The mean peptide concentration of solvent control samples of sets A and C should be 0.50 ± 0.05 mM
The variation coefficient (relative standard deviation, RSD) of measured values of the nine samples from sets B1, B2 and C should be < 15 %
The mean peptide depletion value for the positive control cinnamaldehyde should be 60.8 % - 100.0 % with a maximum standard deviation (SD) of < 14.9 % for the Cys-peptide.
The mean peptide depletion value for the positive control 2,3-butanedione should be 10.0 % - 45.0 % with a maximum standard deviation < 11.6 % for the Lys-peptide.
The standard deviation for the test item replicates should be < 14.9 % for the percent cysteine depletion and < 11.6 % for the percent lysine depletion.

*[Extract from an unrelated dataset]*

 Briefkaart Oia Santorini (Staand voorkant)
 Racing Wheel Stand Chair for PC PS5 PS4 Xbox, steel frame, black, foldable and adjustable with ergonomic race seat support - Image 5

Applicant's summary and conclusion

Interpretation of results:

GHS criteria not met

Conclusions:

The DPRA prediction is “negative” with no or minimal reactivity according to the Cysteine 1:10/Lysine 1:50 prediction model. It can be stated that in this study and under the experimental conditions reported, the test item Ethylphthalyl ethyl glycolate possesses no or minimal skin sensitisation potential.

Executive summary:

The study was performed in order to evaluate the reactivity of the test item Ethylphthalyl ethyl glycolate towards cysteine (Cys-) and lysine (Lys-) containing peptides. A test item solution in acetonitrile was incubated 22 h at 25 °C together with Cys- and Lys-peptides, respectively. The peptide concentration after the incubation was measured using HPLC-UV.

Three replicates were prepared using 1:10 and 1:50 molar ratio of the test item with the Cys- and Lys-peptide, respectively. Triplicate samples of the solvent without test item were incubated and measured simultaneously.

One experiment was performed.

Experiment 1 was valid for both peptide assays and the results are reported here.

The percent mean area ratio at 220/258 nm of the positive control 2,3-Butanedione in the Lys-peptide assay was in the given range of 90-110 %.

The mean peptide depletion [%] after incubation was 0.59%.

In conclusion, the DPRA prediction is “negative” with no or minimal reactivity according to the Cysteine 1:10/Lysine 1:50 prediction model. It can be stated that in this study and under the experimental conditions reported, the test item Ethylphthalyl ethyl glycolate possesses no or minimal skin sensitisation potential.